GRAYSLAKE – Competing for Team USA in the Tokyo 2020 Paralympic Games, Isaac Jean-Paul doesn’t just want to bring the gold home to Grayslake.
“I want to change the world, to be honest,” said Jean-Paul, a 28-year-old graduate of Warren Township High School in Gurnee. “I want to change how people think toward the marginalized.”
Training at the Olympic Training Facility in California, Jean-Paul will compete in the 100-meter dash and long jump at the Paralympic Games in Tokyo, which take place Aug. 24 through Sept. 5. He’ll compete with a T13 classification, a category for athletes with a moderate visual impairment.
Jean-Paul was born with juvenile retinoschisis, a vision impairment that affects his peripheral and central vision.
Growing up, in many ways, he tried to run from his disability.
“When I would go to school, it’s like everyone knew that’s the blind kid with the big enlarged textbooks and all that,” he said. “Sports gave me an outlet to not feel that way. I kind of blended in with my athleticism, and my vision didn’t really matter.”

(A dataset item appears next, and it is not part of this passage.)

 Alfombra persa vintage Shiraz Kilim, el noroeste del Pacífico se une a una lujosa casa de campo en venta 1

Now, he’s all about standing out and up for others.
“I’m not just disabled, I’m also Black. That ties into everything I face in this world,” he said. “In a nutshell, I want to change the narrative of how people view Black folks in this country and around the world and how people view people with disabilities across the world. I’m doing that through athletics.

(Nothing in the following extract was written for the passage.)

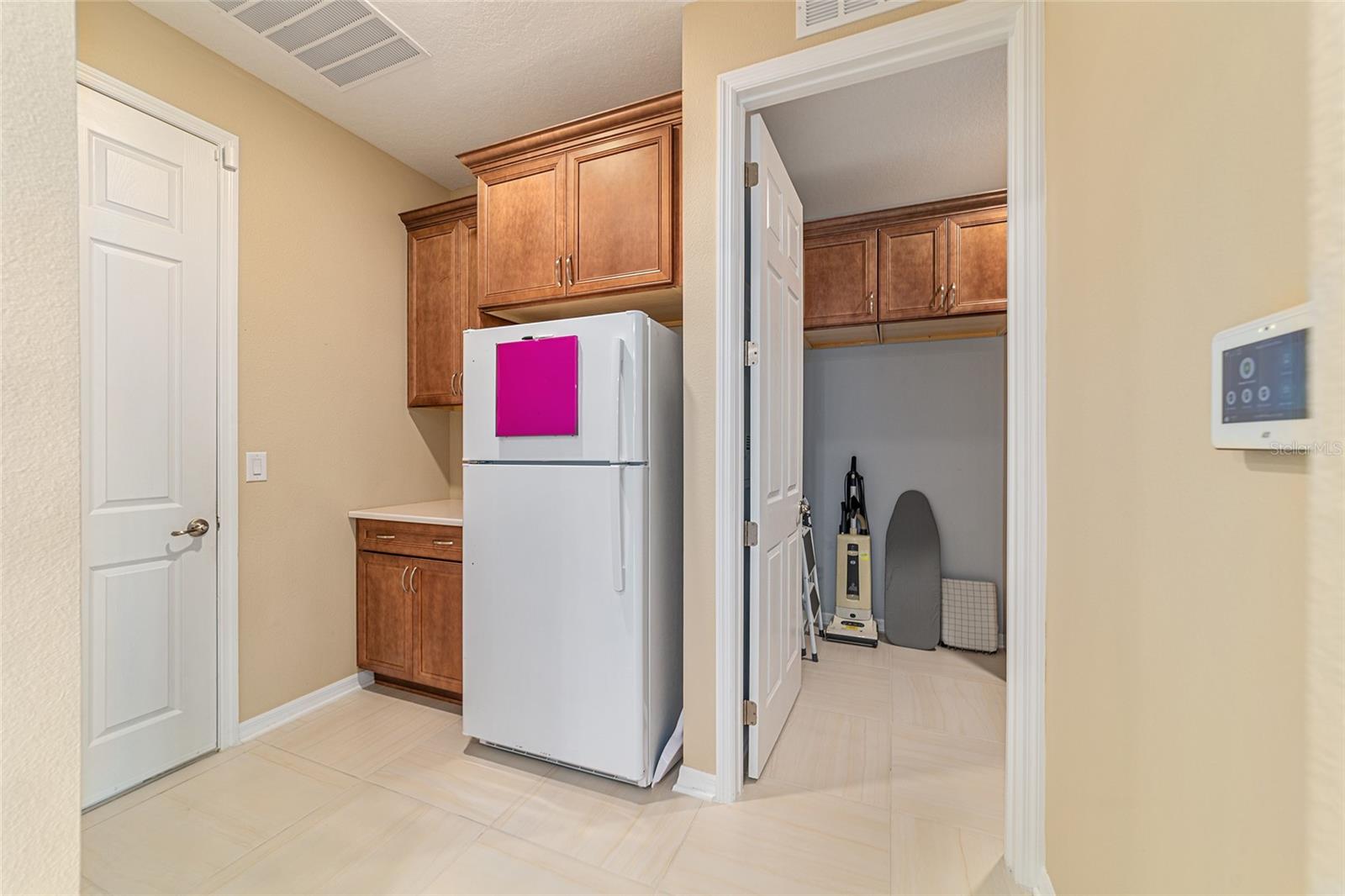 Image 52 of 85 For 9262 102nd Avenue Road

“I’m using my journey to shine a light on how people see people with disabilities and treat people with disabilities. I feel like my community needs someone to say, ‘Hey, we can do this despite what people say.’ "
Originally from Evanston, Jean-Paul moved to Gurnee before high school, where he carried on a family tradition of playing basketball. His mother, Rosemary Jean-Paul, was a Hall of Fame basketball player at Lewis University in Romeoville.
During Isaac Jean-Paul’s senior year in high school, a friend bet him that he couldn’t beat the fastest runner on the school’s track team.
“Little did I know that was going to be the start of my life, as you would call it,” he said.
He went on to earn a national title in the high jump at Harper College in Palatine, where he was coached by Renne Zellner. The head coach of both the men’s and women’s track and field teams for 37 years, Zellner since has retired but remains an assistant coach at the college.
Zellner was the first to suggest Jean-Paul consider Paralympics competition. She’s followed his journey closely.
“I am just so incredibly proud of Isaac,” Zellner said. “He’s had continued success because he’s just someone that has a goal, and he just really pursues it. … He just learned quickly, excelled.”
After Harper College, Jean-Paul earned a scholarship from Lewis University, where he became a five-time All-American and a Division II national champion in the high jump.
The high jump, his “first love,” was removed from the T13 classification in the Tokyo Paralympic Games.
As Zellner and others have seen, Jean-Paul tends to succeed no matter the path.
“He’s starting to coach now and getting a different side of the athletic world,” Zellner said. “He’s full of ideas, and it’s just fun to watch him. He’s just a rather remarkable young man and quite a role model for both sighted and people in the Paralympics.”
When Zellner first suggested the Paralympics, Jean-Paul said he “shrugged it off.”
Based on his success at Lewis, he had hoped to go to the Olympic Trials, but an injury his senior year of college prevented that from happening.
A random encounter with a U.S. Para athlete, Roderick Townsend, opened the door to the Paralympics.
Jean-Paul set the world record three times in the men’s high jump at the 2017 World Para Athletics championship in London.
At that time, he also was competing in the long jump and relay but didn’t advance to the Paralympics.
Whatever happens this time around, he’s already succeeded.
“I’m just out here trying to live with significance,” he said.
“I’ve been through things. I’ll keep fighting for anyone going through anything. At the end of the day, we go through these dark times. We have to understand we go through these dark times but eventually the light will come. The light is within reach.”